Ook Final Fantasy uit Canada maakt veel indruk. De zanger is vioolvirtuoos en speelt spannende composities die zo uit het brein van het Belgische DAAU hadden kunnen komen. En dan lijkt zijn stem ook nog eens exact op die van Arid-zanger Jasper Steverlinck. Begeleid door een drummer strijkt hij de meest ontroerende melodieën, vaak zachtjes zingend, maar dan weer met harde uithalen. De tranen springen je in je ogen, ook al heb je geen flauw idee waarover de liedjes gaan.

Primal Scream, heeft aanvankelijk wat last van opstartproblemen. Alles doet het prima, maar volbloed rockster Bobbie Gillespie laat zich van zijn beruchte luie kant zien, alsof hij gedurende de eerste liedjes op de bus staat te wachten.
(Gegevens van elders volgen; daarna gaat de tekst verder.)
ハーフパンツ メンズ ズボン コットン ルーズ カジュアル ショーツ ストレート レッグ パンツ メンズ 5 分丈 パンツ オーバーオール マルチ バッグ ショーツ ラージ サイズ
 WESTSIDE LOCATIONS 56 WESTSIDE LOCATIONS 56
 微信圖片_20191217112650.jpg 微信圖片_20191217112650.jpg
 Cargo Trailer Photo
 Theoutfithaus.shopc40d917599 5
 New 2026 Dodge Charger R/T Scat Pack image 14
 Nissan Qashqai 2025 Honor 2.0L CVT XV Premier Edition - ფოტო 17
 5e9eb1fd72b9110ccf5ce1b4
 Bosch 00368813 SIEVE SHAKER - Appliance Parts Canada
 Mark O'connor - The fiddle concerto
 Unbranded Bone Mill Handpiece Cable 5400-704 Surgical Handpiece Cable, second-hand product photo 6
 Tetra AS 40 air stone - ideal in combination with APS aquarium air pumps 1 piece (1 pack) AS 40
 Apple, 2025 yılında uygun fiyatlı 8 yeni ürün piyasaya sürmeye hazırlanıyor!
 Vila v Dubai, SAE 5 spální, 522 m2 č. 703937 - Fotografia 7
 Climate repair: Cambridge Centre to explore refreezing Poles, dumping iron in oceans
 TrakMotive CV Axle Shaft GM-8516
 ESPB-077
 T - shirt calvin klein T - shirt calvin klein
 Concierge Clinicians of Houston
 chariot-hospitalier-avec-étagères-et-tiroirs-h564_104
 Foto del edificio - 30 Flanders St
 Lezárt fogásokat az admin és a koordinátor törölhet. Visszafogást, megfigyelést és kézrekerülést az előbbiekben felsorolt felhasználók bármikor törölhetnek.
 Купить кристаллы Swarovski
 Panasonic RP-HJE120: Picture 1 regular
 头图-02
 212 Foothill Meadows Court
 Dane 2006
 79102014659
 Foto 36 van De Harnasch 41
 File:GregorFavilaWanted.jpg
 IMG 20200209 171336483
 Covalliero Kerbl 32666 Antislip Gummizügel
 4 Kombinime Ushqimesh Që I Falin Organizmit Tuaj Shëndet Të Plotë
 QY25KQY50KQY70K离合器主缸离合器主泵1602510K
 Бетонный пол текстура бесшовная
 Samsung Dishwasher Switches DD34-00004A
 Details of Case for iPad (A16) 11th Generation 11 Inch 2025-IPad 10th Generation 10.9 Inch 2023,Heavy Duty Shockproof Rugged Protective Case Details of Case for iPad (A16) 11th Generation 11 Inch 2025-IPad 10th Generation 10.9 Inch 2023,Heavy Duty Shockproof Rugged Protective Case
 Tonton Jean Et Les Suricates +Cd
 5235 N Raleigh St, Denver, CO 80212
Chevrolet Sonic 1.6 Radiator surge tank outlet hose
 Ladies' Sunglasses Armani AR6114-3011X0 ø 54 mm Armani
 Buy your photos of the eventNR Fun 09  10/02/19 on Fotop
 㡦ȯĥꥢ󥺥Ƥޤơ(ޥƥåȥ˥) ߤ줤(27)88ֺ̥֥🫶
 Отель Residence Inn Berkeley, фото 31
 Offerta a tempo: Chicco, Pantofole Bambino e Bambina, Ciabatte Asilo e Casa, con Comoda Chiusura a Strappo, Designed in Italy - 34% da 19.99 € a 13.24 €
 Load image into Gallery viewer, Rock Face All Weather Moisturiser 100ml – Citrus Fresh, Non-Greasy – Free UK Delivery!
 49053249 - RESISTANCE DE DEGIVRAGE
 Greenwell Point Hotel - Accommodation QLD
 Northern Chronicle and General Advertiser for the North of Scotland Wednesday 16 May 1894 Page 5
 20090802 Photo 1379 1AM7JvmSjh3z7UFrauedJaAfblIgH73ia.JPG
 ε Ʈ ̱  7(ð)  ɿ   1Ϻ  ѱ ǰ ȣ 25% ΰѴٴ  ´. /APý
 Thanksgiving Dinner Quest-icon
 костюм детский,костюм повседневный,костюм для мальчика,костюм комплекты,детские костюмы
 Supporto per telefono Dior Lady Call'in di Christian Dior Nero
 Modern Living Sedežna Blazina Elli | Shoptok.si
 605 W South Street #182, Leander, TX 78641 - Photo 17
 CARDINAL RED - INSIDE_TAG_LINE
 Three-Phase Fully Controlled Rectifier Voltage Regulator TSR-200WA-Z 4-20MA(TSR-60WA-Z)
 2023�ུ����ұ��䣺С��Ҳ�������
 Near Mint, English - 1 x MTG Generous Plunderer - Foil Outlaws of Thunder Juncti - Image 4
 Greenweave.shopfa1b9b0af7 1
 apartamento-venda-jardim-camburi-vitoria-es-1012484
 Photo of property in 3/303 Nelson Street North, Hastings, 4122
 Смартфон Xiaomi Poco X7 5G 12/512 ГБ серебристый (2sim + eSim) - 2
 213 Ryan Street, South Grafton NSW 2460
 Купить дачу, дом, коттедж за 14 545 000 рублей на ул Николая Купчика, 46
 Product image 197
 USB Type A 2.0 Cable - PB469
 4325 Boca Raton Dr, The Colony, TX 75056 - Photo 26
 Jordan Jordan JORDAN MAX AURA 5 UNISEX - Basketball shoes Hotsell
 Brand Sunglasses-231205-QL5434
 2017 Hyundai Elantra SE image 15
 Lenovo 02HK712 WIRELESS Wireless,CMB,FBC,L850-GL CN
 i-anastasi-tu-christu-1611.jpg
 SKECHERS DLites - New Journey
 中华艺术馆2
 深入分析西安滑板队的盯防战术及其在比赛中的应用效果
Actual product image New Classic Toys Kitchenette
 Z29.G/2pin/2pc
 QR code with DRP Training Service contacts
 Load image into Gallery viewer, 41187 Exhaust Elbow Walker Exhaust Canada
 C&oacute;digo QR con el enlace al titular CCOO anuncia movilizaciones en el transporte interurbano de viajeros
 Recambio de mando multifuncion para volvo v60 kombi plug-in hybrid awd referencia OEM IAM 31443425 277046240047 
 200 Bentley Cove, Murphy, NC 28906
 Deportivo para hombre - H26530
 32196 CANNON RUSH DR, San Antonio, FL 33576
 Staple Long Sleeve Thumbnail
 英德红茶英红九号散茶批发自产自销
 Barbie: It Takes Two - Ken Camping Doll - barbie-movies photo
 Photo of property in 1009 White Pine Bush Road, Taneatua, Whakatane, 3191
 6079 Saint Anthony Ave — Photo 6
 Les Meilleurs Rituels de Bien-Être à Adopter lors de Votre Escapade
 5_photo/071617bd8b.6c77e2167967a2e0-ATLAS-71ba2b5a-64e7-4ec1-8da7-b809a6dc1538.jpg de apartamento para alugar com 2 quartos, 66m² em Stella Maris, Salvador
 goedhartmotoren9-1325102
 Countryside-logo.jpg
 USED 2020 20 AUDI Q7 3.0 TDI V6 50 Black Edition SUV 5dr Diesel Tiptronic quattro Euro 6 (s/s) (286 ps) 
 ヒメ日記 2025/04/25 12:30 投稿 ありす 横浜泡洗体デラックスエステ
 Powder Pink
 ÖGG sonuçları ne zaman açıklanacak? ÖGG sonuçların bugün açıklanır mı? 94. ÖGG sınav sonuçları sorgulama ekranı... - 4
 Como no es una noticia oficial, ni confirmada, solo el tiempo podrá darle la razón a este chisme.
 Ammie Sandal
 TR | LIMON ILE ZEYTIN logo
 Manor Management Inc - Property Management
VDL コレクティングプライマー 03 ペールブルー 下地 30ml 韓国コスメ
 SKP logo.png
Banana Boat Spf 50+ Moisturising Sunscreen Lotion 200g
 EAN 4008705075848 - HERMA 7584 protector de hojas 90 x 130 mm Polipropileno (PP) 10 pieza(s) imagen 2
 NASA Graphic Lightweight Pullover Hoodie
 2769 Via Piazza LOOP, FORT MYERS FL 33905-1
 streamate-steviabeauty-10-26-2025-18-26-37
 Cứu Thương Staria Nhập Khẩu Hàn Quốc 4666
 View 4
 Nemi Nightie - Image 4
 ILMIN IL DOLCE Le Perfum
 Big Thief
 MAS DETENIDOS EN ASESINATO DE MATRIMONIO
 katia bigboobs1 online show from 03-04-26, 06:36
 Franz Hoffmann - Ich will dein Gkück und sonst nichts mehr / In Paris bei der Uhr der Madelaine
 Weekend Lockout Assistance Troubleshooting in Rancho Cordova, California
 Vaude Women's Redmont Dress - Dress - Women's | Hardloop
Maar als gedurende het optreden zijn jasje uitgaat, lijkt Primal Scream toch warm te lopen en klinken hun Stones-achtige nummers, zoals het beroemde Get Your Rocks Off, precies zoals het hoort: rauw en rockend.

Engeland en de Verenigde Staten

Maxïmo Park
Maxïmo Park

Van Schotland is het vervolgens nog een kleine stap naar de keizer van de popmuziek, Engeland. Maxïmo Park springt eruit wat Engelsheid betreft. De band geeft een spetterend energiek optreden, waarin op ongelukkige wijze blijkt dat de band niets is zonder de charismatische, maar ijdele frontman Paul Smith. Opeens wordt zijn hoedje van zijn hoofd gegapt door een onverlaat uit het publiek. Smith weigert de volgende twee nummers mee te zingen zonder hoedje, waarop de band het gedurende die nummers zonder zanger moet stellen. Bad hair day? Hij vangt het aardig op om met dezelfde energie het nummer The Night I Lost My Head aan te kondigen als The Night I Lost My Hat.

~

We brengen ook nog een bezoekje aan de uitgestrekte woestijnen van de Verenigde Staten. Want de Amerikaanse rock is goed vertegenwoordigd op Dour met Hermano, The Datsuns en Mudhoney. Hermano staat vooral bekend om de Kyuss-connectie en ze komen met hun stoere songs een flink eind in de richting van de Queens of the Stone Age. The Datsuns zijn ook geen nieuwkomers meer. Op Dour blijkt dat ze nooit voorbij de hype zijn gekomen die ze een paar jaar geleden veroorzaakten in het kielzog van The Strokes. De gretigheid is eruit. Dan heeft Mudhoney het gemakkelijker. Hun Amerikaanse gitaarrock klinkt stoer, degelijk en macho en ze mogen dan al wat langer meedraaien dan The Datsuns, ze laten zien dat ze het nog niet verloren hebben.

De hoogtepunten

Een van de absolute hoogtepunten van het festival bevindt zich ook in de hoek van de Amerikaanse gitaarrock: …And You Will Know Us By the Trail of Dead overdondert met een onmenselijke energie. De band speelt zo goed dat je na het optreden met open mond afvraagt wat je zojuist is overkomen? De toch al goede platen van deze groep vallen in het niet bij deze live-ervaring.

~

In het rijtje van absolute hoogtepunten mag ook Animal Collective niet onvermeld blijven: een hecht groepje muzikanten die volkomen eigenzinnige en licht experimentele indiepop maken. Het podium lijkt wel hun eigen kinderspeeltuin, zo met al die wonderlijke instrumenten en het enthousiaste gejoel wat ze voortbrengen. Maar het is allemaal een stuk toegankelijker dan gedacht. Eventjes mag het publiek deel uitmaken van hun droomwereldje. Aanstekelijk vrolijk, dit zooitje ongeregeld.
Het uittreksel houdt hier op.